[Provided records — start]

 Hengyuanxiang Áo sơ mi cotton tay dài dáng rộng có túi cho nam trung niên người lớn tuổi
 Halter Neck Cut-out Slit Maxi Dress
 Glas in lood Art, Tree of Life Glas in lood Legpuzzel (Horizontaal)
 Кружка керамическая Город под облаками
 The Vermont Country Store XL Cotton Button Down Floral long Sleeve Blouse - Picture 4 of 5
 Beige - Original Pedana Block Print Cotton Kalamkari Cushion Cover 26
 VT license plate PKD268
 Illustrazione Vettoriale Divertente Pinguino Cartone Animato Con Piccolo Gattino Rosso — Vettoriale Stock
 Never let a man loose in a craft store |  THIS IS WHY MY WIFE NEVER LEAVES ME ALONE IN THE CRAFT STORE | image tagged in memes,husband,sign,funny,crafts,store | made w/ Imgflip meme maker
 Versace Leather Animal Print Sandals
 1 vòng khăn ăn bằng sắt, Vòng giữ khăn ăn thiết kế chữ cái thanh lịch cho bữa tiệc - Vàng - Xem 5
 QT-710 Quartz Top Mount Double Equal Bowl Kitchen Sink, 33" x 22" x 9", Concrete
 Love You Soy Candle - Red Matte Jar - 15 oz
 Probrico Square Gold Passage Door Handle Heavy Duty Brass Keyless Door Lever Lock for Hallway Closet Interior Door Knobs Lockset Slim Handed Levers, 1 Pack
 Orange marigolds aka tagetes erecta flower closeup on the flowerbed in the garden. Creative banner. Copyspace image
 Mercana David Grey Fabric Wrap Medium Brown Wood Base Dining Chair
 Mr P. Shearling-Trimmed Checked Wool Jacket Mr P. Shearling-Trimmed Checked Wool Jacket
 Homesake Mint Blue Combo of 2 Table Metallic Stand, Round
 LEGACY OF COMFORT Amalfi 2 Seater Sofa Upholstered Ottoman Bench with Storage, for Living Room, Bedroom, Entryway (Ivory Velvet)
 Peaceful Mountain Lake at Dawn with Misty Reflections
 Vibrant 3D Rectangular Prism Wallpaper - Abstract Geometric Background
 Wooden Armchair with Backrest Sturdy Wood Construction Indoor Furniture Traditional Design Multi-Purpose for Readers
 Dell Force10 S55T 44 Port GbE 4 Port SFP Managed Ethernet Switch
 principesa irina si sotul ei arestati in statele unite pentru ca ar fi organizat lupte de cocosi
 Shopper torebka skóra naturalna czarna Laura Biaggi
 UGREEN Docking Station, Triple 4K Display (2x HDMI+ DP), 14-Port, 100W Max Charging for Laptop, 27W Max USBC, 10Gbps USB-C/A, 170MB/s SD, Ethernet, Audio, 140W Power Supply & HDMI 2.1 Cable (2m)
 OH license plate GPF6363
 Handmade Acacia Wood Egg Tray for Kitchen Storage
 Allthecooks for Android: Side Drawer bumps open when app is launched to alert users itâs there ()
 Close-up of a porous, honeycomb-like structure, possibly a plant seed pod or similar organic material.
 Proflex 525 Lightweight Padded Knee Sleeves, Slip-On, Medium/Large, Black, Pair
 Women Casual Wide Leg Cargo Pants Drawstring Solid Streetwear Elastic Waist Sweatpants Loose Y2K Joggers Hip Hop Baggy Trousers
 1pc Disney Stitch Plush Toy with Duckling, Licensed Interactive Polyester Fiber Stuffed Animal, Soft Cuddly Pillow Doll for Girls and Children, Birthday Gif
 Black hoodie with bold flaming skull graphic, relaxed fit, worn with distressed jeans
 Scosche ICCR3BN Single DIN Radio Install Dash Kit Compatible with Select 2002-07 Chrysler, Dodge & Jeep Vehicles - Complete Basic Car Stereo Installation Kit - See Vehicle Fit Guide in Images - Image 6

[Provided records — finish]

Task brief: Give back the listing exactly, please, from its first line to the line containing "Never let a", inclusive, and nothing past that line.

Result of the task:
 Hengyuanxiang Áo sơ mi cotton tay dài dáng rộng có túi cho nam trung niên người lớn tuổi
 Halter Neck Cut-out Slit Maxi Dress
 Glas in lood Art, Tree of Life Glas in lood Legpuzzel (Horizontaal)
 Кружка керамическая Город под облаками
 The Vermont Country Store XL Cotton Button Down Floral long Sleeve Blouse - Picture 4 of 5
 Beige - Original Pedana Block Print Cotton Kalamkari Cushion Cover 26
 VT license plate PKD268
 Illustrazione Vettoriale Divertente Pinguino Cartone Animato Con Piccolo Gattino Rosso — Vettoriale Stock
 Never let a man loose in a craft store |  THIS IS WHY MY WIFE NEVER LEAVES ME ALONE IN THE CRAFT STORE | image tagged in memes,husband,sign,funny,crafts,store | made w/ Imgflip meme maker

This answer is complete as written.